Dataset excerpt ->
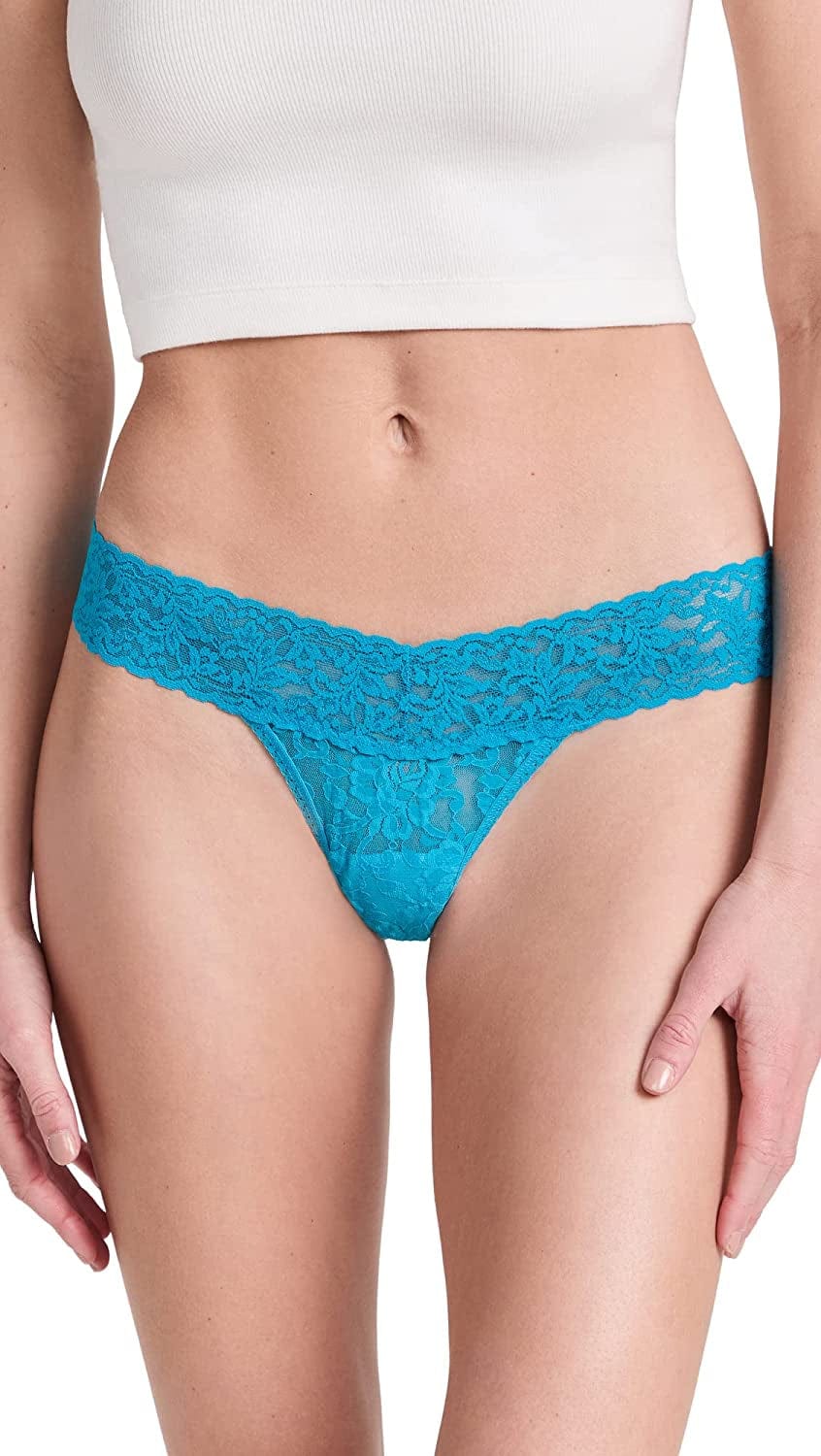 Hanky Panky Women'S Signature Lace Low Rise Thong Kingfisher Blue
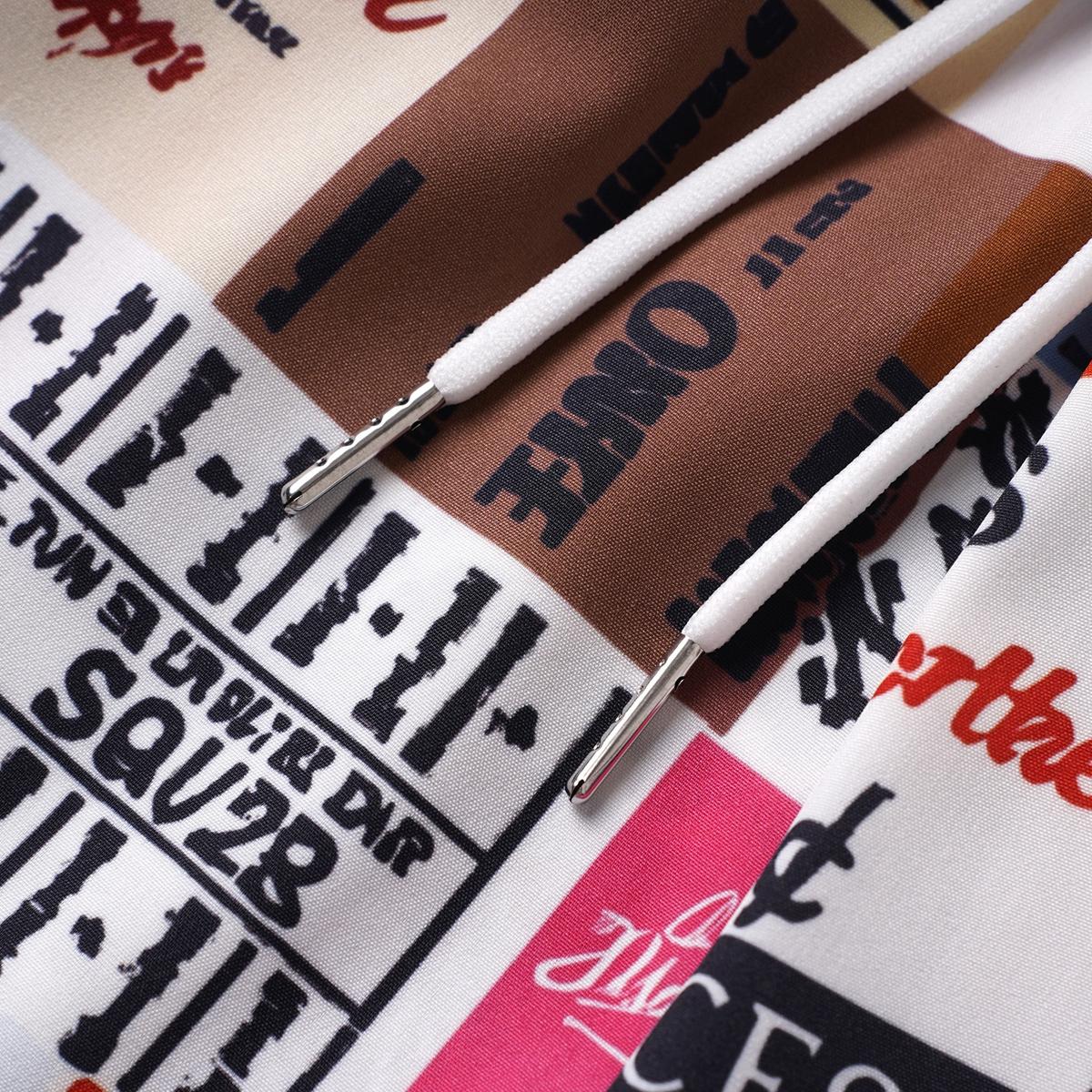 Statement Resort Mens Graphic Collage Print 2 Piece Outfit Loose Fit Drawstring Shorts Set for Vacation Wear and Street Style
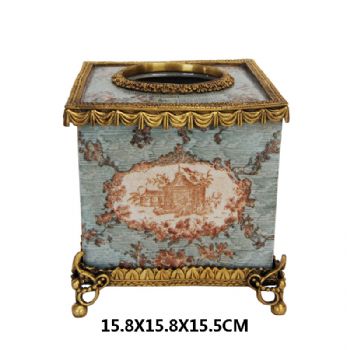 四方纸巾盒陶瓷配铜中式工艺品家用客厅新中式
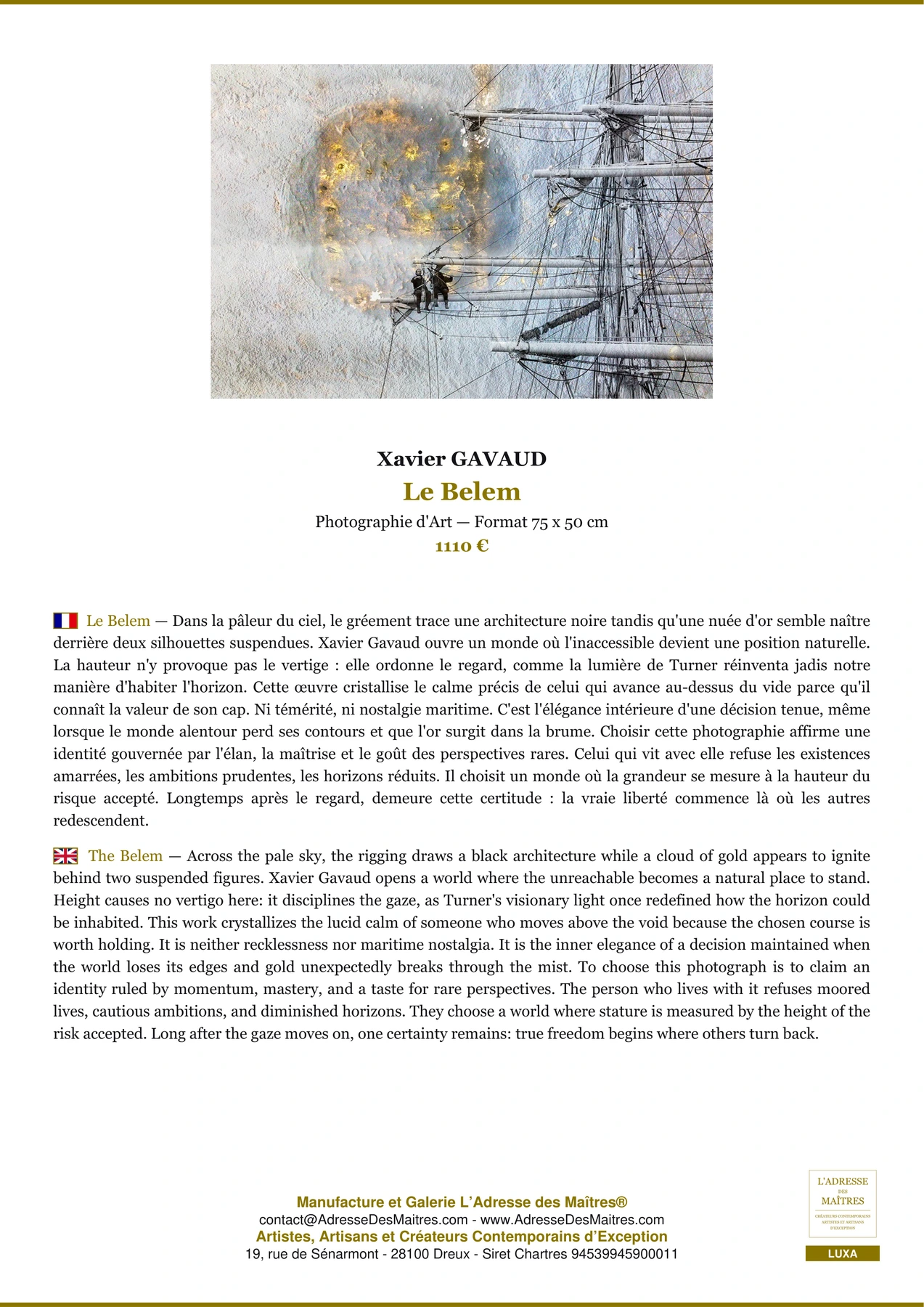 Le Belem — Fiche Premium, Photographie d'Art 75 x 50 cm, Xavier GAVAUD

Task directions -> The answer should consist of every line above, exact and free of images.

Exercise solution ->
 Hanky Panky Women'S Signature Lace Low Rise Thong Kingfisher Blue
 Statement Resort Mens Graphic Collage Print 2 Piece Outfit Loose Fit Drawstring Shorts Set for Vacation Wear and Street Style
 四方纸巾盒陶瓷配铜中式工艺品家用客厅新中式
 Le Belem — Fiche Premium, Photographie d'Art 75 x 50 cm, Xavier GAVAUD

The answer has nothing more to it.